Dr. Beck erzählt von einem „Auferstehungsmanne“, wie man die professionellen Ausgräber und Räuber an Leichen nennt: „Er wurde wegen Ausgrabung eines weiblichen Leichnams in Stirling vor Gericht gestellt. Es war neun Wochen nach dem Tode. Aber die Verwandten der Verstorbenen erkannten sie noch sicher, zumal da ein besonderes Kennzeichen (sie war lahm gewesen auf dem linken, kürzeren Fuße) nicht mißverstanden werden konnte. Der Angeklagte ward also verurtheilt, zwar mit Recht, aber doch aus einem ganz andern, dem Gerichte unbekannten Grunde. Der Auferstehungsmann hatte nämlich, wie sich später ganz speciell herausstellte, auch in Falkirk einen weiblichen, ebenfalls auf dem linken, kürzeren Fuße lahm gewesenen weiblichen Leichnam ausgegraben. Wegen dieses letzteren (nicht des ersteren, den man als den letzteren beschworen hatte) war der Mann vermöge eines wenigstens 30fachen, ganz gleichen Irrthums verurtheilt worden.

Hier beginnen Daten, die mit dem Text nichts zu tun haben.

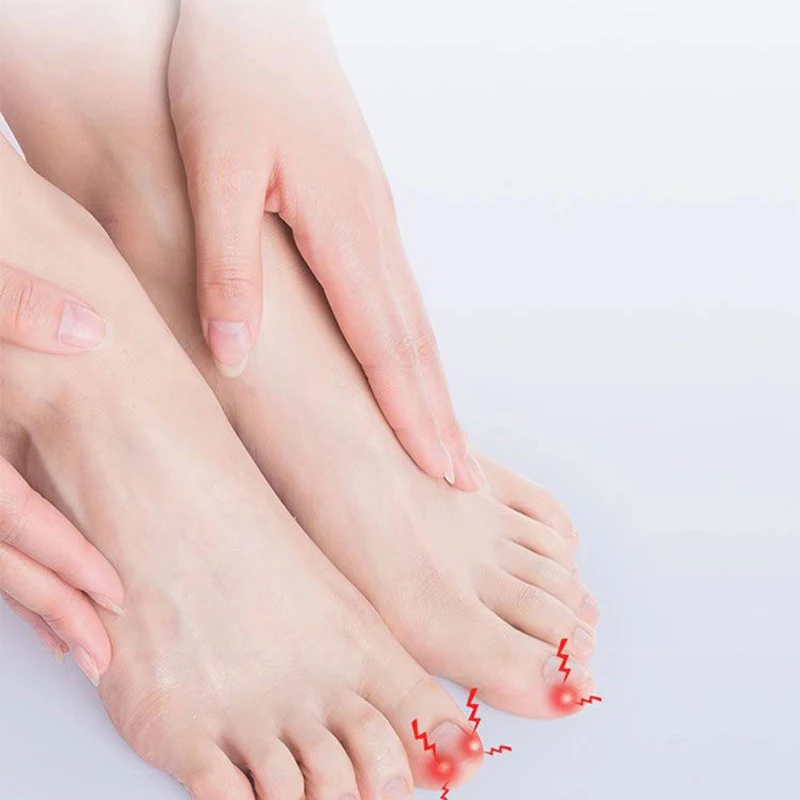 Ingrown Toenail Corrector Tools Pedicure Recover Embed Toe Nail Treatment Professional Ingrown Toenail Correction Foot CareTool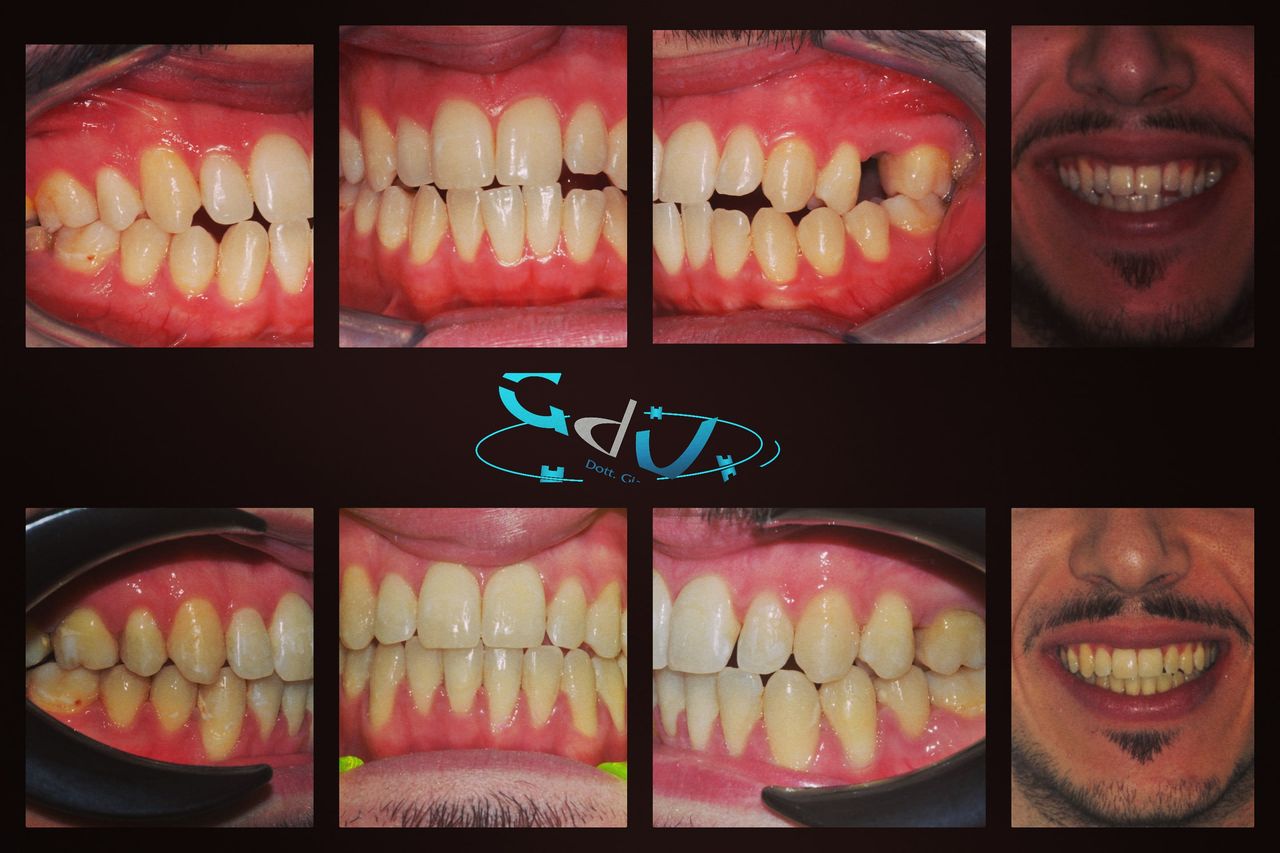 Gianluca Del Vecchio-115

Noch merkwürdiger ist ein Fall aus Canada. Ein aufgefundener Leichnam wird als der eines ermordeten Mannes, Namens William Morgan erkannt. Seine Frau, sein Hausarzt, intime Freunde und mehrere Andere – Alle beschworen: ja, das ist William Morgan. Er ward also als William Morgan begraben. Kurz darauf erschien ein Aufruf, in den Zeitungen: 100 Dollars Belohnung für den, der den Leichnam des im Niagaraflusse ersäuften Timothy Muaroe entdeckt und abliefert! Die Beschreibung der Kleider und anderer Umstände machten es höchst wahrscheinlich, daß der als William Morgan begrabene Leichnam der Timothy Muaroe’s sein könne. Nach Ausgrabung des Leichnams ergab sich denn auch durch Auffindung der vorher ganz genau angegebenen Kennzeichen, daß William Morgan nicht William Morgan, sondern Timothy Muaroe von Ober-Canada war.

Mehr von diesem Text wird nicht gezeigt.